Deprem riskini azaltmak ve depreme karşı dirençli bir toplum yaratmak için Ulusal Deprem Strateji ve Eylem Planı(UDSEP 2012- 2023) hazırlanmıştır. Konu başlıklarına göre gerekli çalışma ve iş birliklerinin yapılması için sorumlu kuruluşlar belirlenmiştir. Yetkin Mühendislik Yasası’nın hazırlanmasıyla ilgili olarak TMMOB sorumlu kuruluş olarak ilan edilmiştir.2017 yılına kadar bitirilmesi gereken bu çalışmaya ilişkin bir tek toplantı bile yapılmaması deprem gerçeğini dışlamanın kendisi değilse nedir?
Açıkçası bilimsel bir hatta kalarak afetlere karşı dirençli kentler yaratılacağını savunan LİYAKAT sahibi çevreler ile her şeyi arazi ve inşaat rantı eksenine bağlayıp konuya sadece “ticari bir anlayışla yaklaşanlar” arasındaki çatışmayı ne yazık ki rantçılar kazanmıştır. Ülke topraklarını inşaat sektörünün bir arazisi olarak görenler sisteme hakim olmuşlardır. İstanbul başta olmak üzere ülkemizin her hangi bir yerinde yıkıcı bir depremin olma olasılığı yüksektir. Ortaya çıkacak olan can ve mal kayıplarının sorumluluğu; bilimi, bilgiyi ve mühendisliği önemseyenlerin değil rantçıların sırtındadır.

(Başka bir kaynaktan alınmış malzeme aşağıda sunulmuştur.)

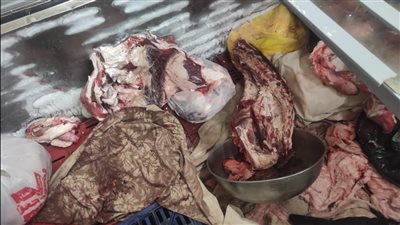 تحرير 26 محضر في حملات على الأسواق بالإسماعيلية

Can ve mal güvenliğinin sağlanması için depreme dayanıklı yapı üretmekten başka bir yol yoktur. Bu gerçekten hareketle geleceğimizi kadere ve rantçılara bağlamanın çıkar yol olmadığı acıda olsa anlaşılmıştır. Bilime, bilgiye, mühendisliğe, akla ve insana önem veren uygulamalar sorunun değil çözümün yoludur. 17 Ağustos yıkımının 21.yıldönümünde ilgilileri bir kez daha uyarıyoruz.